• [Directions] Nothing but the lines below between the line holding "Clara Clark Bath" and the line holding "Sombrero africano gorro", inclusive, should appear in the answer, each set down exactly.
*** Listed records ***
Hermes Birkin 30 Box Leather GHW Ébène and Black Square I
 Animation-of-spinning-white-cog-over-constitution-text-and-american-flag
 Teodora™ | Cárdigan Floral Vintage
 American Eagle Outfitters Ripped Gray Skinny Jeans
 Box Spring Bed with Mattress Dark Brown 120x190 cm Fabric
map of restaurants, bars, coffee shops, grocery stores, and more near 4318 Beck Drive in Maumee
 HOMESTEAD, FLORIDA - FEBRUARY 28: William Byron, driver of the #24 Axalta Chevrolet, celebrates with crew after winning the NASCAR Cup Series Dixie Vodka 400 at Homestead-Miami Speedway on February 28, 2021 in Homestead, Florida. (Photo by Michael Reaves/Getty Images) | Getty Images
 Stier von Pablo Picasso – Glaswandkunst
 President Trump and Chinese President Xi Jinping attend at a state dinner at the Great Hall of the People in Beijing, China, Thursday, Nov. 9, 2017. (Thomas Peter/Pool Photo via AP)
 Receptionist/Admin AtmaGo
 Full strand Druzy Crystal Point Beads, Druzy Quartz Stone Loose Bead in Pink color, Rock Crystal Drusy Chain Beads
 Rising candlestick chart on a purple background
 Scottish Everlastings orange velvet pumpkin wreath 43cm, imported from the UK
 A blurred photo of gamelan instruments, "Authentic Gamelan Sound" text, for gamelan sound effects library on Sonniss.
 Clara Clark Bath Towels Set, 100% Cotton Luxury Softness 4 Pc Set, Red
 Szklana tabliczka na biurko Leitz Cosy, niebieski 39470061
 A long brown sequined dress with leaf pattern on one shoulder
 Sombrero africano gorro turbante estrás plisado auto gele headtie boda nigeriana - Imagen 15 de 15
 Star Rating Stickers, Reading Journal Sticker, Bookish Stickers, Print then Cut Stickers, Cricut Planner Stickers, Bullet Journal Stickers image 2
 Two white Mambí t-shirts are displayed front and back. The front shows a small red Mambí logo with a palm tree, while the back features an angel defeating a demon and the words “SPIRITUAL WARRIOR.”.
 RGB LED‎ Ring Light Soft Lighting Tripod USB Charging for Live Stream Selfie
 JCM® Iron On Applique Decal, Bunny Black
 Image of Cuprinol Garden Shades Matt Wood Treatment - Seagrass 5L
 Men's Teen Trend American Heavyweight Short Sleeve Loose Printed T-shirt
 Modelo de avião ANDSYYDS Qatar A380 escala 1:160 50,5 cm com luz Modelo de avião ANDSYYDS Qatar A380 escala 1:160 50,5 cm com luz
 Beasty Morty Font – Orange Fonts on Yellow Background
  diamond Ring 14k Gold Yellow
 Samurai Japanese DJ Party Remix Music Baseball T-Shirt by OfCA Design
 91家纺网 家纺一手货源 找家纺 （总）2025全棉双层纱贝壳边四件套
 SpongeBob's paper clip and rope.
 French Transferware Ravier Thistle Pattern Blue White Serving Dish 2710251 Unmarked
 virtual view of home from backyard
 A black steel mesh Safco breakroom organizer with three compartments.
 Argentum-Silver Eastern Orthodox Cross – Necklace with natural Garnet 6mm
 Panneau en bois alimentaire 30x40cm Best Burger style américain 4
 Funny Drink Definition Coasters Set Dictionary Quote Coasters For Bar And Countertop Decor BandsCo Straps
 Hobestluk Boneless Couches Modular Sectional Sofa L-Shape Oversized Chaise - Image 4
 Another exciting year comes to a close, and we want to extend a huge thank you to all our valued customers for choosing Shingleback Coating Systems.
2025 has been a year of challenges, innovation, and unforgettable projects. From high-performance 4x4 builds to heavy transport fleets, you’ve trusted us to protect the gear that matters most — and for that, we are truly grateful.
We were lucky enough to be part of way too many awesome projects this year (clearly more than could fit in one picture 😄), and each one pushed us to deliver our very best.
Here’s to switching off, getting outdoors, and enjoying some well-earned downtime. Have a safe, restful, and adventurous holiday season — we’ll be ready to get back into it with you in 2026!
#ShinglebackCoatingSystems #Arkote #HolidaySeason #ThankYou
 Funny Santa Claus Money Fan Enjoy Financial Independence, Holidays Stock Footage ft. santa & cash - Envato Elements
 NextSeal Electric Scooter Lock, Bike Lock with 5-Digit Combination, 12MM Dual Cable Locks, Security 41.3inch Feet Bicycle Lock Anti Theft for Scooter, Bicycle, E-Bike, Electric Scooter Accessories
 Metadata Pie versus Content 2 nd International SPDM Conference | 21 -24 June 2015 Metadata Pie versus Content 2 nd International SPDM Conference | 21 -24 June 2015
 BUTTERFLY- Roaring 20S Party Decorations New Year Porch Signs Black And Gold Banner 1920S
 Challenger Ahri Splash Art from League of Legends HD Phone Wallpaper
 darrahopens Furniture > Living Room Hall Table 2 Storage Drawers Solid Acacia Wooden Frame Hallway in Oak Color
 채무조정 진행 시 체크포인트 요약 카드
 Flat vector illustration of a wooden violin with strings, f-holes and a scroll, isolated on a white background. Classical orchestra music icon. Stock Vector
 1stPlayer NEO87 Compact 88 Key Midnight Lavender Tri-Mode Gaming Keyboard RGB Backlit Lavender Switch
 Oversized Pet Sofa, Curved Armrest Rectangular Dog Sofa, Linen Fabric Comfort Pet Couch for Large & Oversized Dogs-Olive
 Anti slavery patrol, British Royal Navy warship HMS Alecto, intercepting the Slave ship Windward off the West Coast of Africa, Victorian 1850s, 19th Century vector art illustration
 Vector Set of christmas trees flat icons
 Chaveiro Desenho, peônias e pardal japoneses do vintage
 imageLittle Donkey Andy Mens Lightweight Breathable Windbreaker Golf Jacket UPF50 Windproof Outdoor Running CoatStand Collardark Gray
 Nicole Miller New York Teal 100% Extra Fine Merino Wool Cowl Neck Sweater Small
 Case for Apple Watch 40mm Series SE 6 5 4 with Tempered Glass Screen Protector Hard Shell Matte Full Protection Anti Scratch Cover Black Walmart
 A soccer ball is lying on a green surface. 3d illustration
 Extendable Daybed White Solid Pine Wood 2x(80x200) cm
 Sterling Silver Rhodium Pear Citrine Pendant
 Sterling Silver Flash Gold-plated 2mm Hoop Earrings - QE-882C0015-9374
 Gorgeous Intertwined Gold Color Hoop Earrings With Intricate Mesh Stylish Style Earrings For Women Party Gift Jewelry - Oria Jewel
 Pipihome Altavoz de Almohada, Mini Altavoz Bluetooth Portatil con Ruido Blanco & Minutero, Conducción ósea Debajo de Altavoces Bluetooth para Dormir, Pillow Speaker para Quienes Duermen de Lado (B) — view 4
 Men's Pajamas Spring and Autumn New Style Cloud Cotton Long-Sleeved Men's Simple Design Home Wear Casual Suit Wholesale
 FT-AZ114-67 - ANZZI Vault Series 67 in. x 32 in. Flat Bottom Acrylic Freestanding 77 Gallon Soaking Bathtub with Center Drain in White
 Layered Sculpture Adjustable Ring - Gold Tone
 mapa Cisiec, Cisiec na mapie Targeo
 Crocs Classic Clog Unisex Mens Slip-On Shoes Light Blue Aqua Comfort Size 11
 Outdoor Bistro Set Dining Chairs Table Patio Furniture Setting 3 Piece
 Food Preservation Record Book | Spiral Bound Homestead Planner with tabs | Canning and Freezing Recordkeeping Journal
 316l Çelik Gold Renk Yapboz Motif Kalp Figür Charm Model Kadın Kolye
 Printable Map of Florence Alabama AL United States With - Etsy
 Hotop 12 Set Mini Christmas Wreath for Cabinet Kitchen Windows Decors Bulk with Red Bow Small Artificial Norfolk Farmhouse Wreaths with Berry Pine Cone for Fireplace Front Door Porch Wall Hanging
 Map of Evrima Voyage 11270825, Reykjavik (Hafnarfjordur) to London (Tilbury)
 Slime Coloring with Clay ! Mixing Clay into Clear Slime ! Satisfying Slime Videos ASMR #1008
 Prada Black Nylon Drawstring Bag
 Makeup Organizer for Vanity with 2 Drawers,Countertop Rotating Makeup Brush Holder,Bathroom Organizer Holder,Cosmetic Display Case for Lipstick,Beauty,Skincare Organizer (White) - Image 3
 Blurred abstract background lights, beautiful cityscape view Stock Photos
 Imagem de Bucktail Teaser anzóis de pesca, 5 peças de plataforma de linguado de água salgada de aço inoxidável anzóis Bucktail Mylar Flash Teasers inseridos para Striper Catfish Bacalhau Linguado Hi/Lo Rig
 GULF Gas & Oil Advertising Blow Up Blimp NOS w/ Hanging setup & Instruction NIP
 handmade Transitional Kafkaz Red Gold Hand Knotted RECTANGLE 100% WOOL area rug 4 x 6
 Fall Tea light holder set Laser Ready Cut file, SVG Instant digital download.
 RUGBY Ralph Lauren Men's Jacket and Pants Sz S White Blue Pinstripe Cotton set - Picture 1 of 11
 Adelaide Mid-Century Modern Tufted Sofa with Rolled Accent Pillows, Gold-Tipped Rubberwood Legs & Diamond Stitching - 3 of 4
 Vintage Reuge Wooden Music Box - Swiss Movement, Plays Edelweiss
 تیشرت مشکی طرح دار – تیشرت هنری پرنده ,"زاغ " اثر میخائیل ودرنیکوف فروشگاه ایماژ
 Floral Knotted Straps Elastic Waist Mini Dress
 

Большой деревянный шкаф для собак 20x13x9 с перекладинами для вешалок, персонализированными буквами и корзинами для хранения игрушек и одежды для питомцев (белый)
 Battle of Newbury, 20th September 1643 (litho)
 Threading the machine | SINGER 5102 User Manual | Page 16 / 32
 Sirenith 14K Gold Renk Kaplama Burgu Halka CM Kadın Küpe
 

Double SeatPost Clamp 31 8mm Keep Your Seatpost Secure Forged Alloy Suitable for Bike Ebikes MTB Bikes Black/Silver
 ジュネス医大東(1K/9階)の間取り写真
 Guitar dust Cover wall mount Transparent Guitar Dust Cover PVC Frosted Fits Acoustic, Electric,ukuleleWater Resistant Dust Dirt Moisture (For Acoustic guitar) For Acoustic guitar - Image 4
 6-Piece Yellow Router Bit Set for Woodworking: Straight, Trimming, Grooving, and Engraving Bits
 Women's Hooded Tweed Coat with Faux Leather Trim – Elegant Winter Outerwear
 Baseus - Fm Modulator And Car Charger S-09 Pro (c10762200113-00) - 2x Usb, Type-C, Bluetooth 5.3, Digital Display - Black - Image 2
***
• [Written reply]
 Clara Clark Bath Towels Set, 100% Cotton Luxury Softness 4 Pc Set, Red
 Szklana tabliczka na biurko Leitz Cosy, niebieski 39470061
 A long brown sequined dress with leaf pattern on one shoulder
 Sombrero africano gorro turbante estrás plisado auto gele headtie boda nigeriana - Imagen 15 de 15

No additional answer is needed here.